No creo que exista ser humano sin la necesidad ocasional de desaparecer de la realidad que lo envuelve, de abandonar incluso hasta de la propia piel. Confieso que me sucede, que a veces me pesa tanto la rutina que busco cómo disiparme cuando la verdadera huida me es imposible. Así que indago en porciones de realidad donde recluirme y poder llegar tan lejos como la capacidad de evasión me permita. Son agujeros negros por los que la existencia cambia de dimensión, pequeños atrezzos para la improvisación de una falacia que nos alejará de nuestras vidas, que nos permitirá recrear la fantasía de otro mundo, de otras historias que vivir, aunque sólo sea por unos instantes
Los libros cumplen a menudo esa misión. Transcender en ellos, diluirse en sus historias y trasladarnos a confines tan apartados como la narración nos pueda llevar.

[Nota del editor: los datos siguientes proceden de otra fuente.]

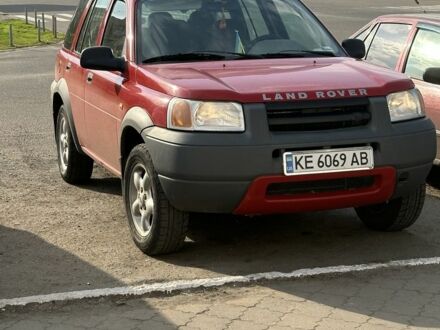 Ленд Ровер Фрилендер 1999 в Днепре (Днепропетровске) на Automoto.ua Красный Ленд Ровер Фрилендер, объемом двигателя 2 л и пробегом 2 тыс. км за 6000 $, фото 1 на Automoto.ua
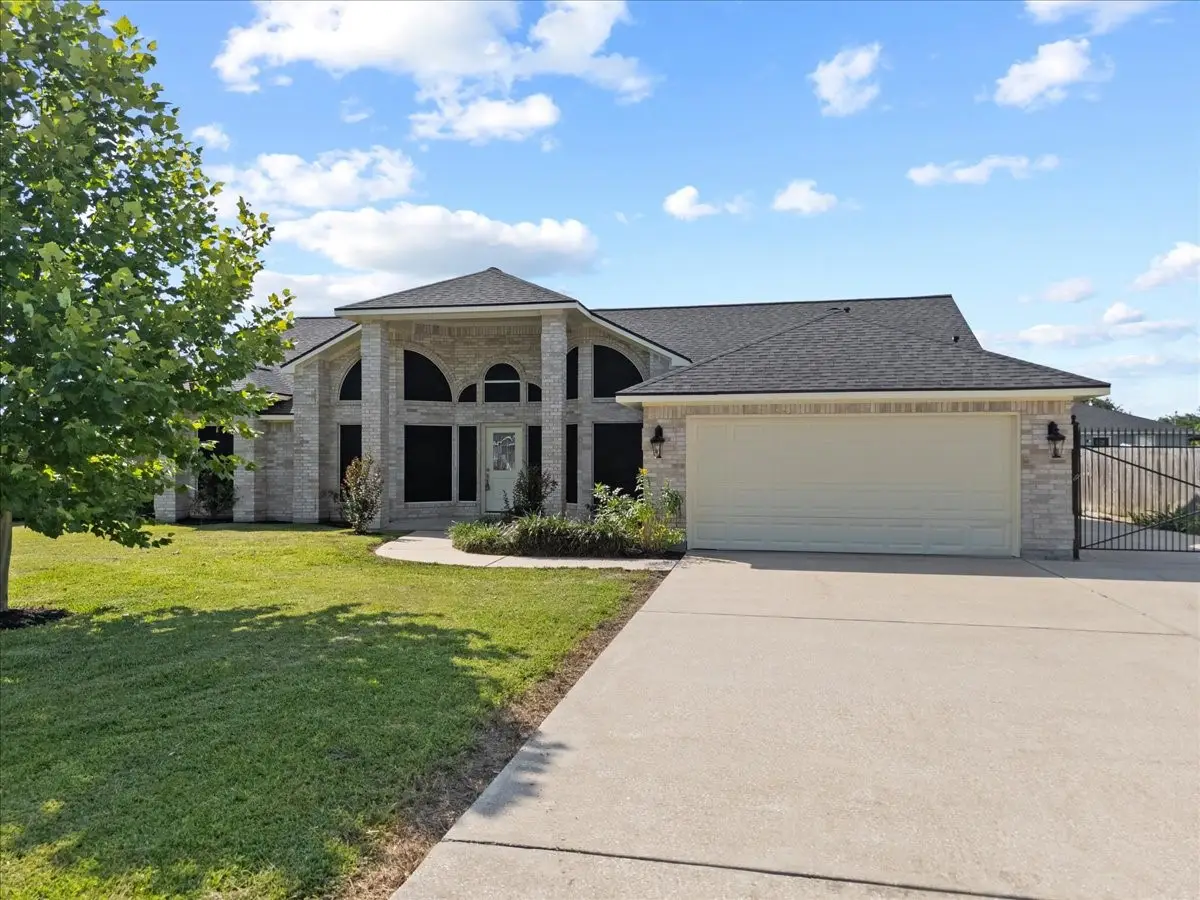 3337 Bridgette Lane, Monterey Belvieu, TX 77523 - #1
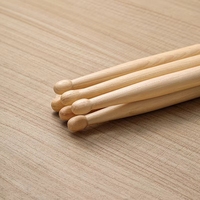 Hickory-Holz Drumsticks 5B für Rock Jazz Übung und Aufführung Holzspitzen-Perkussionsstöcke Langlebiges Schlagzeug-Zubehör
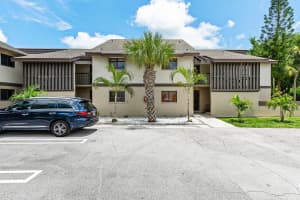1647 Cabot Lane 8, Wellington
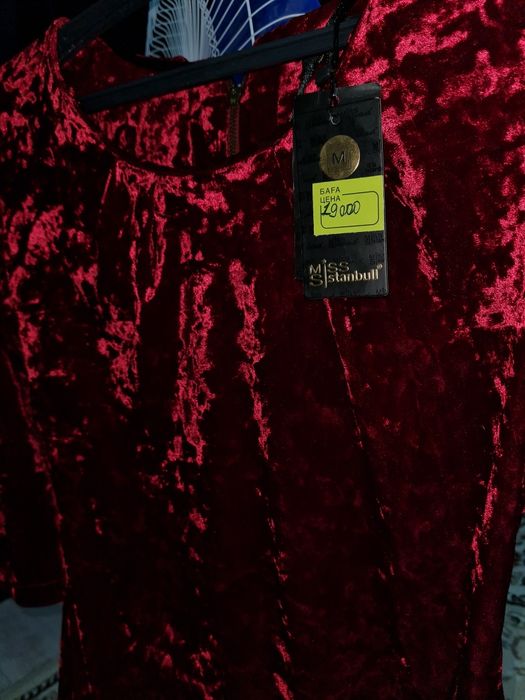 Красный вечерный платье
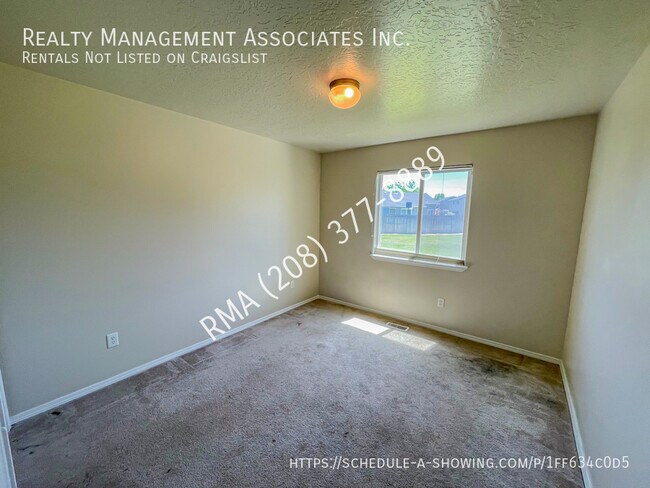 Building Photo - 5118 Lathrop Pl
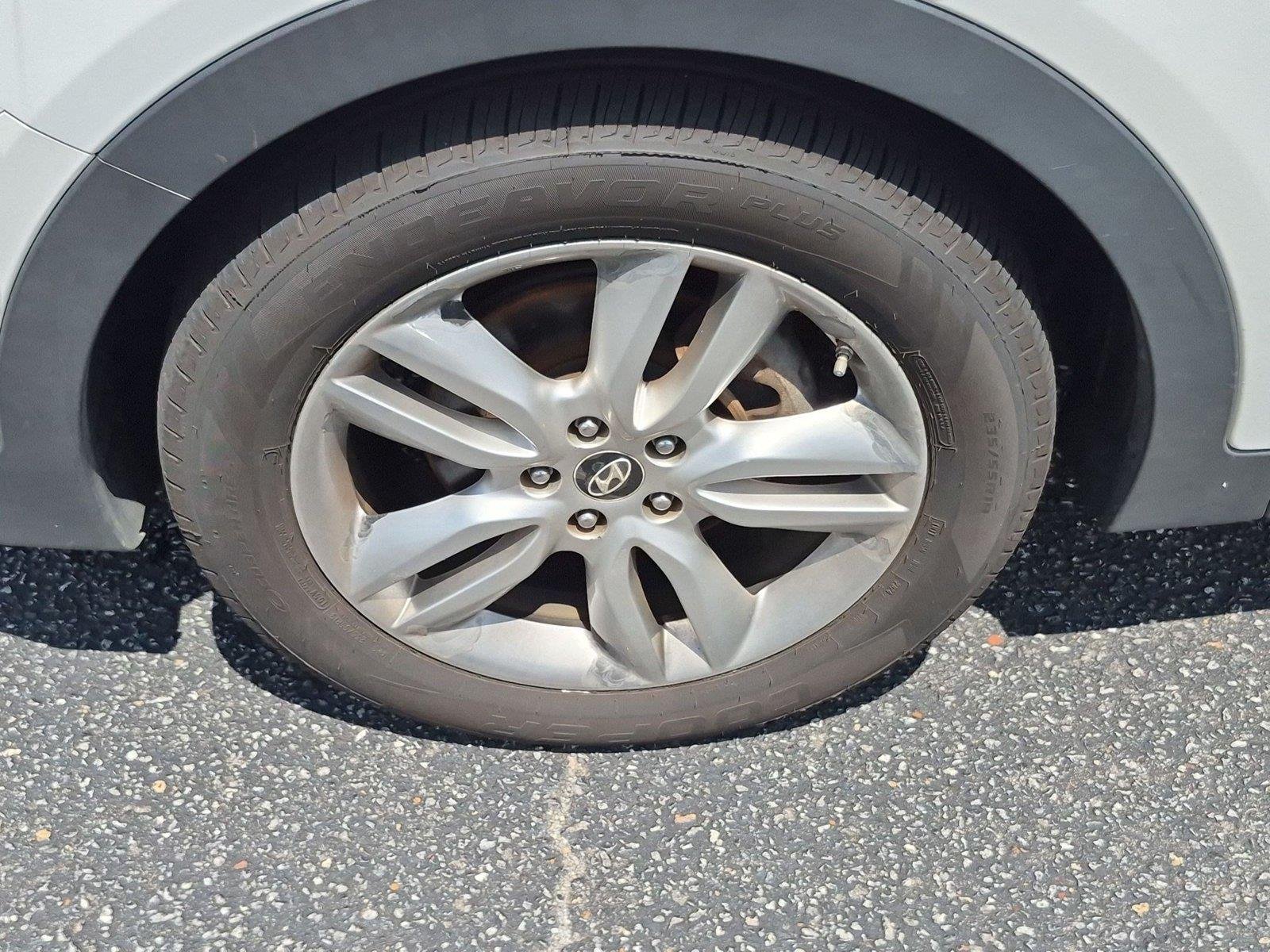 Used 2013 Frost White Pearl Hyundai 2.0T Sport image 9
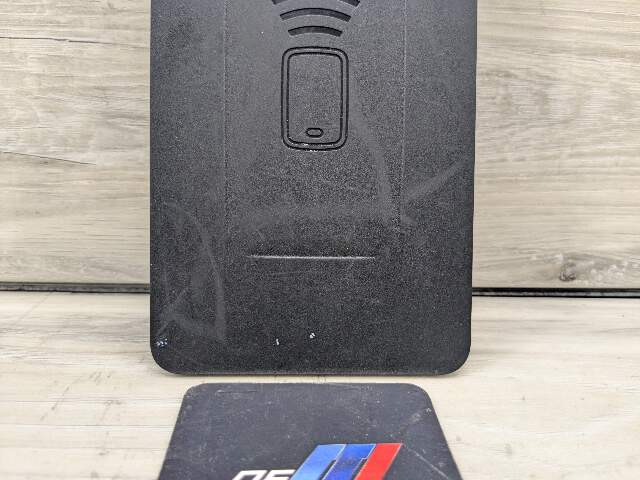 OEM BMW G20 G22 G23 G26 G80 M3 Center Console Storage Phone Car Wireless Charger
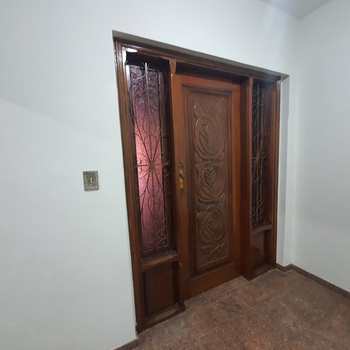 Apartamento em Jales, bairro Centro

Pero otras veces deseamos encontrar en la realidad esas sugerencias donde perdernos. Entonces me acerco al mar y desde el paseo desierto en los atardeceres, recorro el horizonte con mirada de funámbulo, transitando por encima de la línea estrecha que lo delimita. La visión de ese renglón concreto es tranquilizadora para los niños, es la confirmación de los límites del mundo, allá donde el mar se junta con el cielo. Para el adulto, el horizonte es una esperanza, el consuelo de que, más allá de esa ilusión que sosiega al niño, existe otro mundo al que aspirar, una promesa a la que aferrarse.
A veces también me escondo en el arte. Cada cuadro, cada escena; me convierto en polizonte de esas historias, como el clandestino que se acurruca en la bodega de un barco, observando con discreción, ansiando que un día llegue el momento de formar parte del paisaje prohibido.
En El Vendrell, se encuentra el Museu Deu, compuesto por una notable colección de obras donadas por el notario ya fallecido Antoni Deu Font. A lo largo de su vida Antoni Deu llegó a reunir casi 3.000 obras de arte catalogadas en diferentes estilos pictóricos y escultóricos, además de numerosas piezas de mobiliario y artes decorativas, entre las que destaca una valiosa colección de alfombras orientales.
En la primera planta, entre otras pinturas de diferentes estilos, pueden contemplarse algunos cuadros del pintor catalán Ramón Calsina (1901-1992), propiedad de Antoni Deu.
Desde finales de marzo, el museo acoge también una muestra itinerante de obras de Calsina, cedidas por la fundación que lleva su nombre. Si me animo a reseñarlo es porque entre sus trabajos se encuentran muchas de esas pinturas que a mí, como observador insatisfecho, me permiten esos minutos de escapismo de los que antes hablaba.
El interés por Calsina está en la disparidad de su obra, desde el retrato realista más emotivo, pasando por la caricatura satírica, la ilustración, la pintura de tintes oníricos y surrealistas. Pinturas plagadas de personajes envueltos en un halo de irrealidad sobrenatural, a veces de una sordidez que preludia desenlaces inciertos, y otras de una candidez desconcertante que enfrenta al observador a un juego de perspectivas múltiples.
Ramón Calsina es un pintor inclasificable, es un creador poliédrico a quien le molestaba el encasillamiento, tal vez por eso su obra no gozó de las atenciones que debiera ni de las valoraciones merecidas. Sus dibujos están repletos de ironía y procacidad, son provocadores y a través de ellos critica los aspectos más espurios y mercantilistas del mundo del arte.
Sin embargo el paisaje onírico está mucho más vinculado a sus pinturas en las que incorpora elementos cargados de simbolismo, todos muy próximos a su geografía más inmediata, la del Poblenou barcelonés.
He visitado dos veces la exposición, me he empapado de la magia de esas terrazas, de sus pinturas, de los arreboles tristes, como atardeceres de ensueño, de la serenidad que impone el rostro senil que espera la muerte. Me he recreado en su obra y he vuelto a casa dispuesto a resarcir de nuevo la necesidad de huida, esta vez a través de estas líneas.